When Harold Dooney and Henrietta Wiggins were teenagers in the '50's, they ran off together after church one Sunday, went over the state line to Alabama, and got married. Henrietta, whom everyone called Henny, was strong willed and smart, whereas Harold was longsuffering and patient, so they got along like a house afire.
Henny had pretensions, so when she delivered a son exactly nine months after the marriage, she named him William Shakespeare (Dooney.)
No one knew William's middle name was Shakespeare until the 4th grade, when the teacher came in and opened her desk drawer and a bullfrog jumped out, causing her to shriek, back up into the blackboard and knock her glasses off. The teacher knew the culprit's identity from previous experience. She picked up her glasses, and flushed, she sternly said "William Shakespeare Dooney, if you ever do that again I'm going to paddle you right here in front of everybody, them I'm going to send you to the principal's office and he'll paddle you, and when you get home your parents are going to paddle you again. Understood?" William nodded, and never did it again--he was too embarrassed to have a teacher ever drag out that Shakespeare name again.
Harold and Henny's second son she named Winston Churchill (Dooney.) The boy expected a lot of attention from his parents, and after an illness when he was four that kept him in bed for weeks, he was spoiled by his mother. She made chicken noodle soup every day as per doctor's instructions, and Winston ate it up and got well. Thereafter, he whined for "noodles" and wouldn't eat anything else. Henny worried over him, and no matter what she had cooked for the family, when Winston pouted and sulked and wanted noodles, she made some kind of noodle dish for him. Everyone started calling him "Noodles."

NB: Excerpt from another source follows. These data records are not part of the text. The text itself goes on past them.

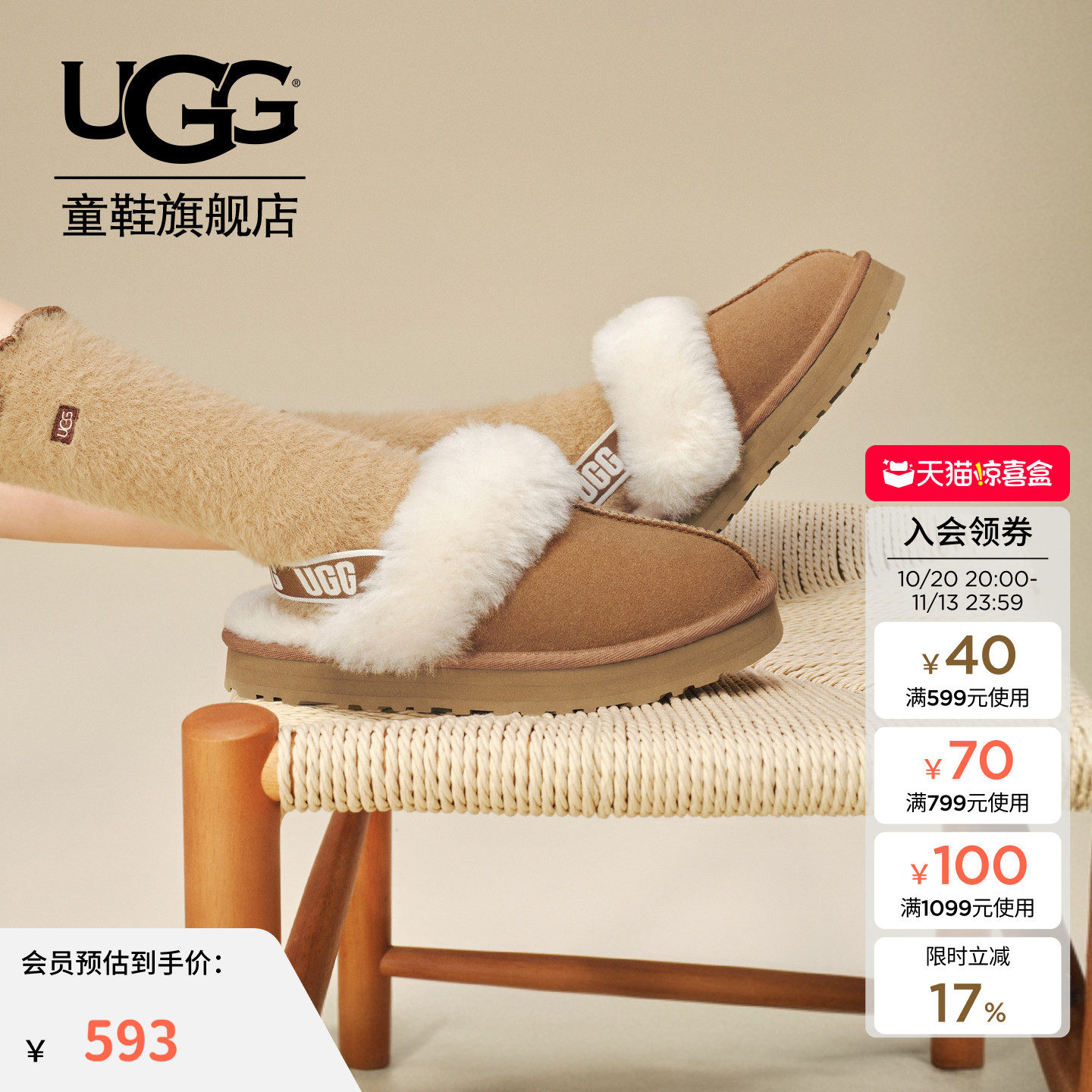 【天猫惊喜盒】UGG童鞋厚底拖鞋舒适一脚蹬懒人毛毛鞋113039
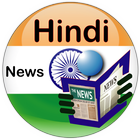 Hindi news, Hindi News Paper, Latest news in hindi ikona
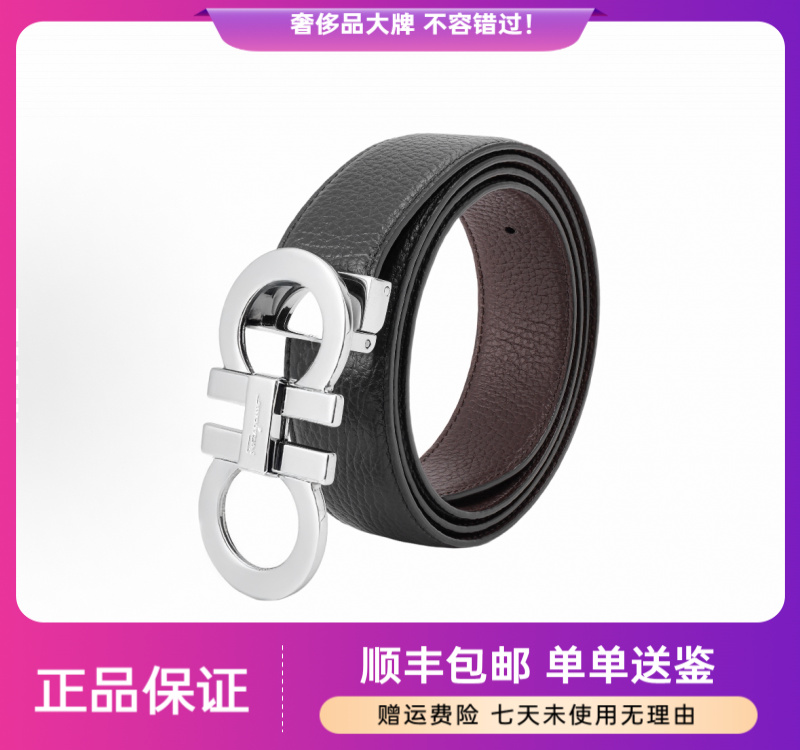 未使用 FERRAGAMO/菲拉格慕 银色平扣黑粽双面荔枝纹腰带 宽3.5cm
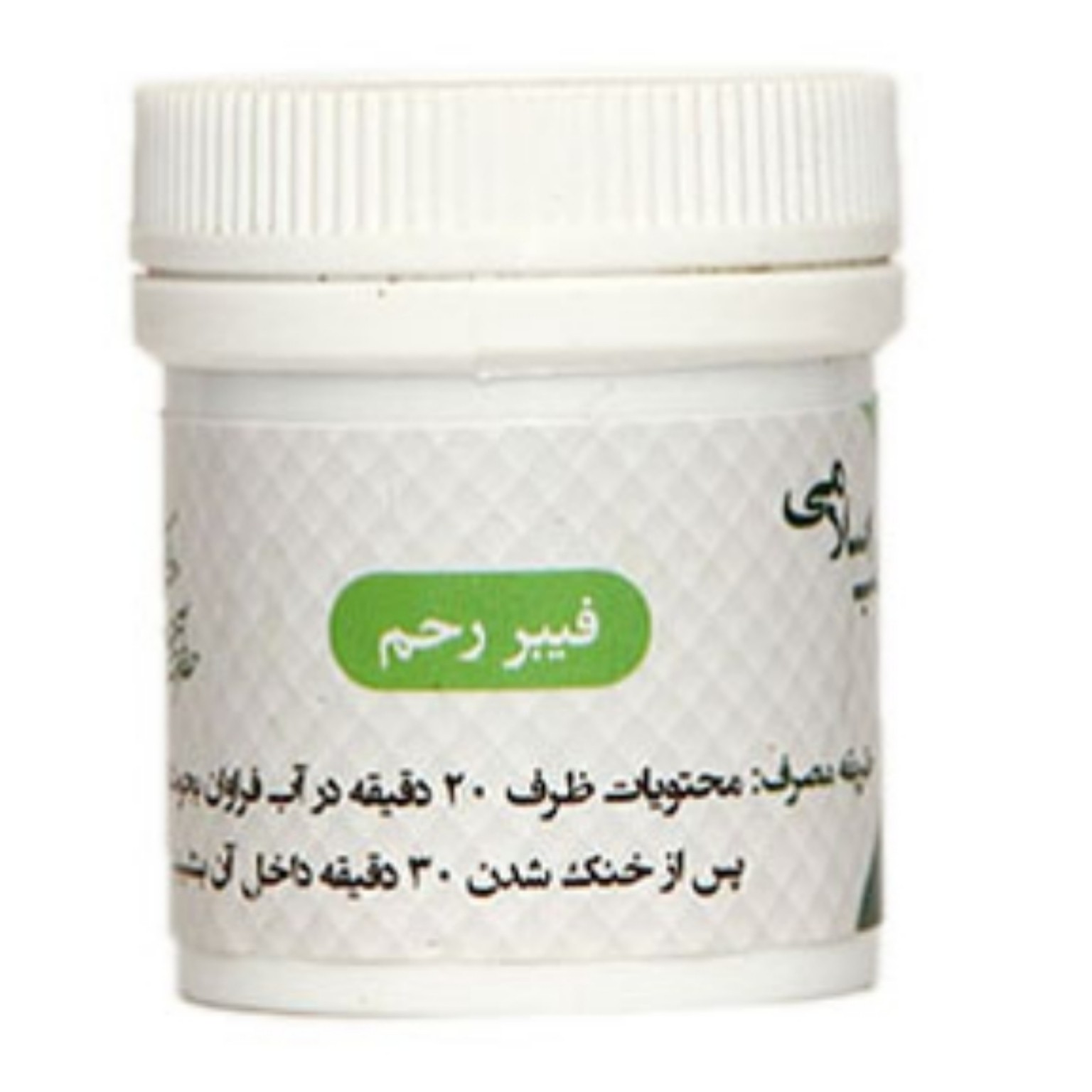 لوز فیبروم رحم طب اسلامی 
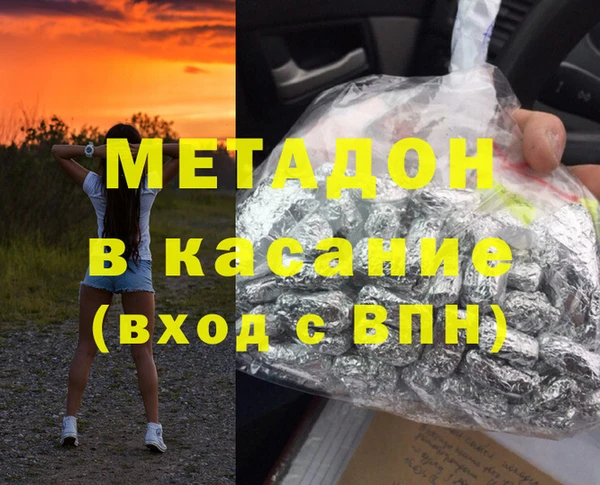 марки nbome Абинск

Then when summer came, Henny fell off the roof patching roofing tiles, and was laid up for a month in the hospital. Her mother, Granny Chumley "Chum" came to take care of the family. She laundered and cooked and canned tomatoes and scrubbed floors and boys ears. She lay out delicious meals for Harold and the boys, and Winston would sulk and pout for noodles. Granny Chum kissed the top of his head "We don't always get what we want, she said, and we don't have any noodles. Eat up so you can help Mommy when she gets home." And she never mentioned it again. Pouting and sulking and not eating didn't bother her. After a few days, Winston went to the frige and ate cold collards and corn on the cob, and that was the end of noodles.
Granny Chum saddled Winston with a nickname that lasted all his life-she called him "Winnie," because Winston sounded too stuffy, she said. Some acquaintances didn't know his real name was Winston Churchill until they saw his obituary. Well, it was better than being called "Noodles" all his life.